Bridget Hutter: 1956 - 2023
Colleagues at the Centre for Analysis of Risk and Regulation (CARR) were greatly saddened to learn of the passing of Bridget Hutter on April 10th. Bridget was latterly Professor of Risk Regulation in the Department of Sociology at the London School of Economics until her retirement. Besides being an esteemed colleague and friend, Bridget will be most well-known for her major role in the founding and development of CARR, being its Co-director from 2000-2005 and sole Director thereafter until 2010. During this period of leadership she established CARR as a major international centre for the study of risk management and regulation in organizational and institutional settings. Her own work made major contributions to this agenda. At the same time in the early 2000s she also supported the field of sociology as general editor of the British Journal of Sociology. Beyond her leadership of CARR, she also was a dedicated and committed mentor and supervisor.
Bridget Hutter achieved first class honours in Sociology at Bedford College London before undertaking a DPhil at Nuffield College, Oxford.

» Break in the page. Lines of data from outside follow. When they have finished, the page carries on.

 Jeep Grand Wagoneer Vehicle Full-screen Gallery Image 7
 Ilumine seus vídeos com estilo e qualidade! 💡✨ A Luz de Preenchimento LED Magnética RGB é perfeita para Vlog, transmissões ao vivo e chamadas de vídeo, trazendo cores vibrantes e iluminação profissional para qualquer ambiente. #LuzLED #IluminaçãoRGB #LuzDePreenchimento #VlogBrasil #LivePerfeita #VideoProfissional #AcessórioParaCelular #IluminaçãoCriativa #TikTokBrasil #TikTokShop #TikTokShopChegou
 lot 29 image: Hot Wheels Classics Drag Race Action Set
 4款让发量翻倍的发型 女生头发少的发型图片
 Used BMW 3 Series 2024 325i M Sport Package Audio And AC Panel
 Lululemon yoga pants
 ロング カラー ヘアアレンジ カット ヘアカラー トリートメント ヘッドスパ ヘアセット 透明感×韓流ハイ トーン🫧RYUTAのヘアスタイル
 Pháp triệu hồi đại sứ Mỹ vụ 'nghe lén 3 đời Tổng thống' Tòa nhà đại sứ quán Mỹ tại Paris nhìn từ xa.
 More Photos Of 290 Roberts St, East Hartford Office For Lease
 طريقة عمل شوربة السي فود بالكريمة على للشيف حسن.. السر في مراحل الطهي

A subsequent year at LSE as Morris Ginsberg Fellow in Sociology was followed by an extensive association with the Centre for Socio-Legal studies at Oxford. Bridget was a fellow of Jesus College, Oxford from 1987-1995 during which time she was awarded a British Academy Fellowship and conducted important socio-legal work on compliance in the fields of environmental and health and safety regulation. These studies involved painstaking, theoretically-astute empirical work in the field and provided the intellectual foundation for her later role as Director of CARR at LSE, which she re-joined in 1995. Of particular note was her 2001 monograph on occupational health and safety on the railways, which set an agenda for a genre of work by her and colleagues at CARR. Together with others, she blazed the trail for regulation scholarship that emphasised the negotiated characteristics of compliance and advanced the academic study of risk regulation.
With a strong background in the methods and orientation of socio-legal studies, Bridget went on to publish a leading monograph on food regulation. More recently, she co-authored Regulatory Crisis (with Sally Lloyd-Bostock). Next to these books and numerous journal articles, she was also involved in the publication of important edited volumes and handbooks, including Anticipating Risks and Organising Risk Regulation and Organizational Encounters with Risk (with Mike Power). At the time of her passing, she was working on how householders experience flood risk. She was an academic who addressed major regulatory and policy issues and often gave advice to a wide variety of regulators and policy-makers. In this respect she helped to establish CARR not only as a centre for research excellence but also as a valued source of policy advice which continues today.
We are thinking of her family and friends at this difficult time. We remember Bridget for her enormous contribution to the field of risk and regulation studies, the many joyful shared memories, and for her kindness and generosity.